INFORMATION:
———
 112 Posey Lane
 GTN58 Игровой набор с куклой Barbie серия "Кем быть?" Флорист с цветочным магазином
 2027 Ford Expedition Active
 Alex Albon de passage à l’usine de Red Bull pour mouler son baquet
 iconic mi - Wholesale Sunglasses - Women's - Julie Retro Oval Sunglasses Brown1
———
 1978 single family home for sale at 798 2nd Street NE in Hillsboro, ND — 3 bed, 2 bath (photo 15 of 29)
———
EXERCISE INSTRUCTIONS:
Both end lines included, restate word for word the lines above from the line with "112 Posey Lane" to the line with "iconic mi - Wholesale", and nothing else.

WRITTEN SOLUTION:
 112 Posey Lane
 GTN58 Игровой набор с куклой Barbie серия "Кем быть?" Флорист с цветочным магазином
 2027 Ford Expedition Active
 Alex Albon de passage à l’usine de Red Bull pour mouler son baquet
 iconic mi - Wholesale Sunglasses - Women's - Julie Retro Oval Sunglasses Brown1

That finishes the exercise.